The lights are dimmed and candles throw flashes of light across the table, carefully set with my in-laws’ vintage floral china. One room over the woodstove blazes to keep the old farmhouse warm against the Vermont cold. I’ve folded and set eight hand-drawn placecards, one in front of each plate, an individual note of gratitude inside. My husband’s mother passed away a few years ago and I want to get this right. I want the food to be good and I want to bring everyone together in a meaningful way.
We say our secular blessing, two toddlers goofing up the unison in a pleasing way: Bless the food before us, the dogs beneath us. And there are five beneath us, with two cats marauding around the dining room for good measure. One of them has no teeth and opens his mouth in the way you’ve seen tigers do, the Flehmen response, a sort of mouth-breathing that allows cats to taste the air. The beagle-mix passes gas and the corgi steals the 3-year-old’s napkin.
This is not Donna Reed’s dining room table. For one, it’s an Irish Laying Out Table passed down to us through my husband’s mother’s family. In other words: Where our stuffing sits, a dead body used to lie for viewing, a perfumed corpse surrounded by flowers, orifices plugged, arms straightened. But that’s not the only unusual thing about our Thanksgiving table. On Turkey Day, there is no turkey.
And I feel guilty about it. I sense my husband and father-in-law scanning the table, wondering which dish I’ve smuggled gray, lifeless faux meat into. Sure, they accept the onslaught of lentils and tempeh on weekdays, but Thanksgiving is Thanksgiving. There are expectations. Traditions to honor.

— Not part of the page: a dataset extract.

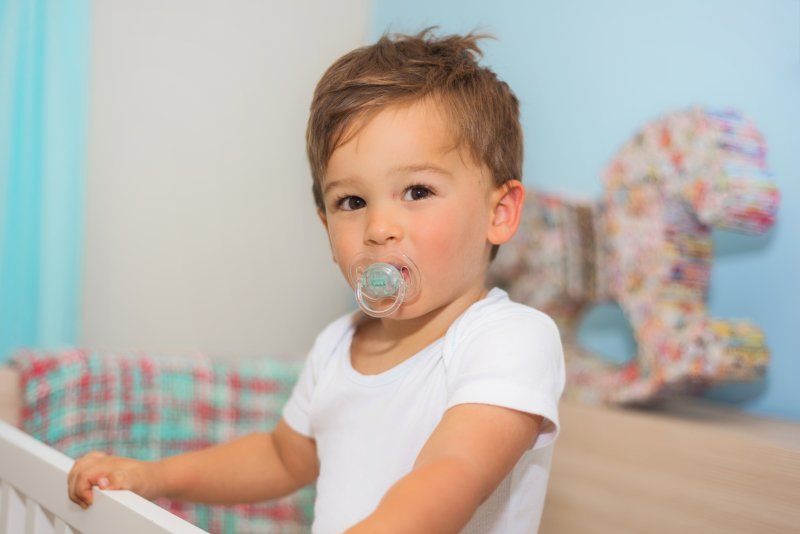 toddler using a pacifier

Jonathan Safran Foer, in his book “Eating Animals,” talks about our arbitrary distinctions between pet and food, but also the concept of narrative and family food, of food as tradition. He recalls his thrifty, Holocaust-surviving grandmother’s singular dish of chicken and carrots, the way he and his brothers thought she was the “Greatest Chef Who Ever Lived.” “Her food was delicious because we believed it was delicious,” he writes. “We believed in our grandmother’s cooking more fervently than we believed in God.” What did it mean to opt out of eating that dish?